Avant-propos : cet article effleure le sujet de crises suicidaires. Si Si vous êtes en détresse et/ou avez des pensées suicidaire, vous pouvez contacter le numéro de prévention du suicide, accessible 7j/7 : 3114. Vous n’êtes pas seul·e.

Il y a plusieurs semaines, j’ai hébergé des proches pour une nuit, un couple et leur enfant. Nous avons commandé des pizzas et je leur demande si leur voyage s’est bien passé. C’est comme la météo, thème banal, sans risque, facile à gérer pour commencer une soirée.

Sauf que ma proche sort du script – ou peut-être ça en fait partie mais on ne m’a jamais expliqué – et me décrit qu’iels étaient tombés sur le fou du bus et que, malchance, ça lui arrivait tout le temps.

J’ai figé, la part de pizza à cinq centimètres de ma bouche.

Ne savait-elle pas que j’étais moi-même folle ? Je la regarde.

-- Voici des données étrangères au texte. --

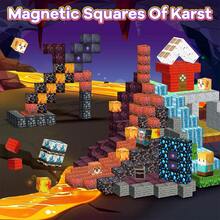 50/100/200/300 szt. Magnetyczne klocki konstrukcyjne STEM dla dzieci w wieku 3-12 lat, kreatywny zestaw konstrukcyjny 3D z motywem Lava Adventure, edukacyjny prezent urodzinowy dla chłopców i dziewcząt, pomoce dydaktyczne do szkoły, pomoce dydaktyczne dla placówek edukacyjnych - Wielokolorowe - Zobacz 2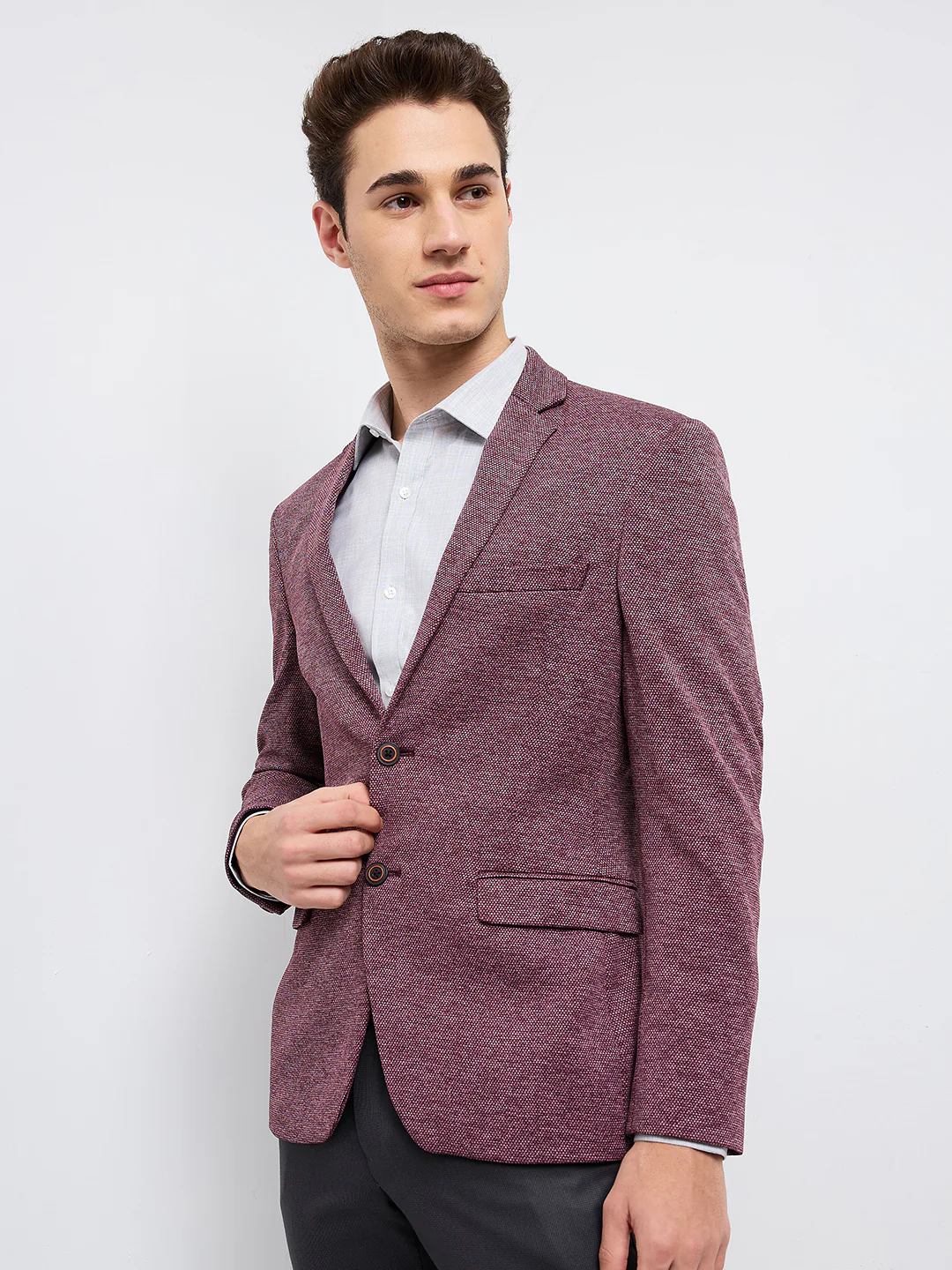 Park Avenue Men Purple Structure Super Slim Fit Terylene Blend Blazer - Image 3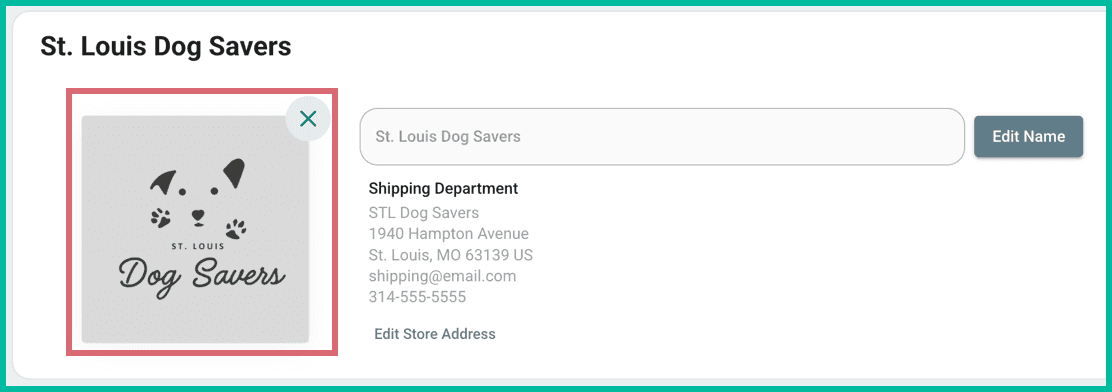 The logo is shown in the store's settings.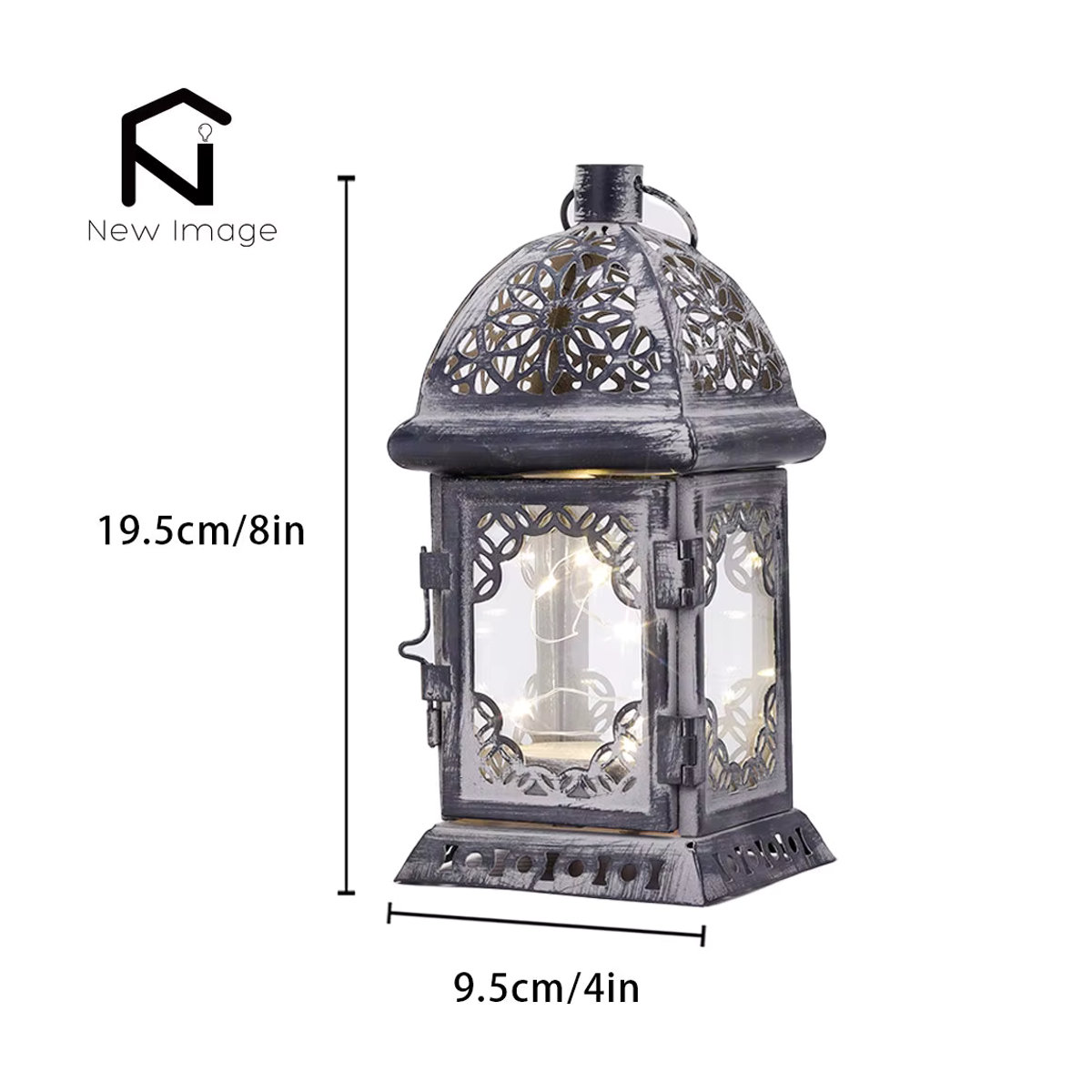 NEWIMAGE Retro Metall Tischlampe in Schwarz mit LED Fairy Lights als Vintage Kerzenhalter Laterne - Bild 6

Non, cela ne lui venait même pas à l’esprit. Pourtant, au mien, reviennent toutes les crises de ces dernières semaines.

Je balbutie quelque chose au sujet de la non-dangerosité des personnes qui parlent dans le bus et nous passons au dessert – compote aux coings – très de saison.

Elle ne se souvenait pas alors.

De mon voyage aux urgences psychiatriques, d’où j’ai fui au plus vite.

De mes arrêts de travail, cinq mois au total en une année.

De mon envie de mourir assez forte pour que j’effleure la mort du bout de mes doigts.

De la fois où je me suis shootée d’anxiolytiques pour ne pas écraser ma tête contre le mur. Pourtant, cette fois-là, j’étais devant elle.

Mais je n’étais pas la folle du bus. Je suis de sa famille et j’ai l’air tout à fait bien, n’est-ce-pas ?

Tout à fait maîtresse de moi-même. Pas du tout du genre à fredonner dans le tram Una mattina Mi sono alzata, O bella ciao, Bella ciao, Bella ciao ciao ciao…

Que voulez-vous, je m’étais fait arrachée les dents et je suis sensible aux anti-douleurs.

Je ne sais pas trop comment, ce jour-là, j’ai réussi à rentrer dans mon appartement et les effets secondaires m’ont scotchée nauséeuse sur le canapé. A priori, l’envie de vomir chasse toute envie de chanter des airs révolutionnaires.

Voilà la vérité : j’étais la folle du bus mais elle ne le savait pas.

Mais je suis blanche et je suis ingénieure, donc je ne suis pas folle, ou pas comme les autres, tu sais.

Pas comme celleux qui se retrouvent de force dans un hôpital psychiatrie sans moyen pour en sortir.

Ni comme celleux qui prient allah abkar un peu fort dans le train, se font embarquées par la police et ne ressortent jamais du commissariat. Sauf les pieds devant.

Non, je suis blanche et je suis ingénieure et je suis arrivée à travailler comme un bon pion du capitalisme plus de quatre mois de suite, la première fois en deux ans. Bravo. Donc je ne suis pas folle, un peu malade peut-être, avec des troubles mais ne le disons pas trop forts, une santé mentale un peu fragile, voilà, mais tout va bien, non ? Je travaille donc n’en parlons pas, qui re-veut de la compote ?

Ce jour là, j’ai été blessée comme nous pouvons l’être par des proches qui ne nous voient pas comme nous sommes.

Pour être honnête, ma proche ne veut pas voir mais mon voisinage le sait que je suis folle.

Les murs ne suffisent pas à cacher les cris, la douleur et les chants révolutionnaires.